It is always pleasant to see a familiar name in such a book and I was tickled to see several references to agent William Marsh UE, an ancestor of mine. I was also interested to see a quotation from Andrew Embury UE, who would later be a subscriber to Hay Bay Chapel in 1792, and lived until 1844. A third name of interest was that rather wild fellow Ebenezer Allen UE who married into the Chapman family, of whom several members settled in the Toronto area in the 1790s.
The events in the North in 1781 may have been on a smaller scale than the large battles in the South, but for those Loyalists, Natives and Rebels who lived through constant raiding, skirmishes and larger engagements such as the Ross Expedition, it was a harrowing year. There are simply too many events, large and small, in the book to make an easy sample selection. It's all here for you to experience. Don't miss it.
Rolland Miner, NYS. Amazon.com (2010)
This piece of work is a must for any serious student of the Revolutionary War. Gavin Watt is one of the foremost writers and experts on the important contributions of the Loyalists who supported the Crown in the war. No Rev War library will be complete with out this and volume two which is due to be published shortly.
Three cheers for Mr. Watt: Huzzah! Huzzah! Huzzah!
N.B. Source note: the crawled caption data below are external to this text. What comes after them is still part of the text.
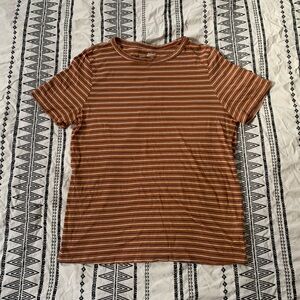 {3/$15} Universal Thread | 100% Cotton Striped Brown T-Shirt Size Small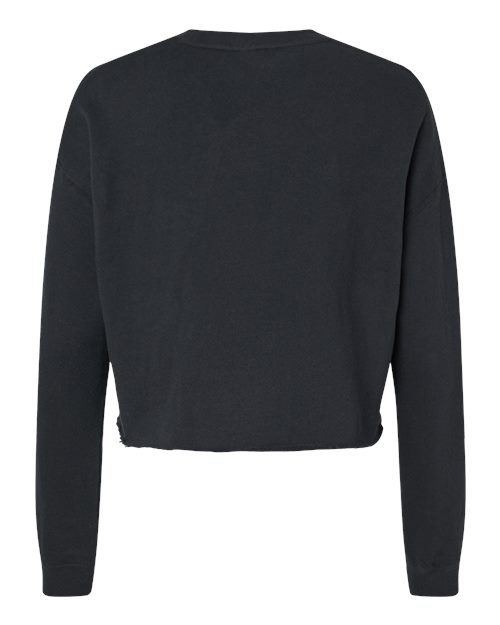 Independent Trading Co. AFX24CRP Women's Lightweight Crop Crewneck Sweatshirt #color_Black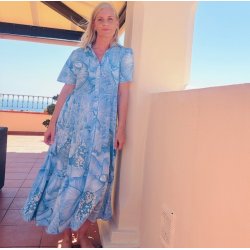 Skjortekjole emma light blue viskose str. M-4XL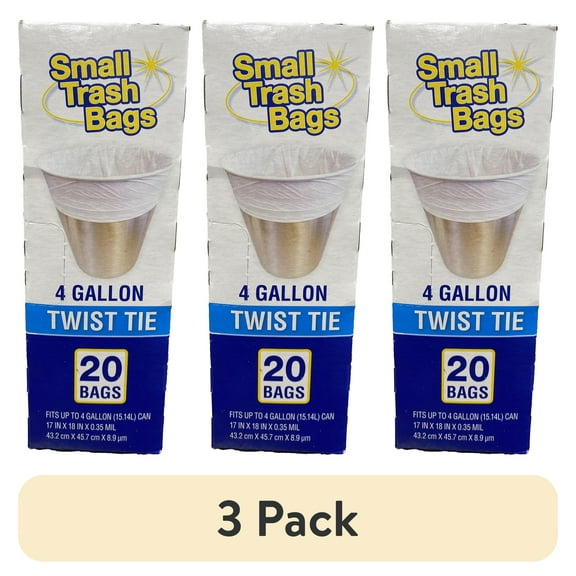 (3 pack) Basic 4 Gallon Twist Tie Bathroom Bags, 20 Bags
Matthew Dziennik, British Journal of Canadian Studies , 2010 , Volume 23 , Issue 2
Watt offers a compelling account of the struggle on the Canadian frontier at a time when Britain had largely given up on the war in the northern colonies...A Dirty, Trifling, Piece of Business is a classic fife and drums military history. It contains an extremely impressive array of details, and is focused, exciting and very readable.
Carl Benn, Chair, Dept. of History, Ryerson University,Toronto. Amazon.com (2010)
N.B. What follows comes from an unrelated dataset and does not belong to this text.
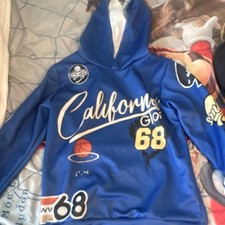 Blue Graphic Print Hoodie Pants Set Children California Sports Theme Polyester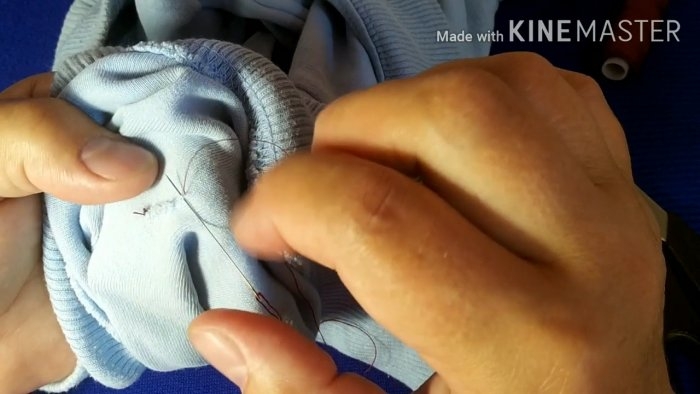 Как зашить дырку потайным швом при помощи скотча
Gavin Watt has written a remarkably detailed and solid history of one of the overlooked, but important aspects of the American Revolution: the northern frontier towards the last stages of the conflict in 1781. I am most impressed with the depth of his research and the quality of his analysis of a range of important themes, centred on Governor Frederick Haldimand's management of the defence of the Province of Quebec against possible rebel and French threats, his negotiations with a wavering Vermont, and the military campaigns that took place when Haldimand dispatched forces south into New York. I also was struck by the value of the insights Mr Watt shared with his readers on the role of the secret service, the utilization of rumours to affect actions, and other, often-overlooked and misunderstood aspects of managing military strategy on the grand scale with small forces over large regions.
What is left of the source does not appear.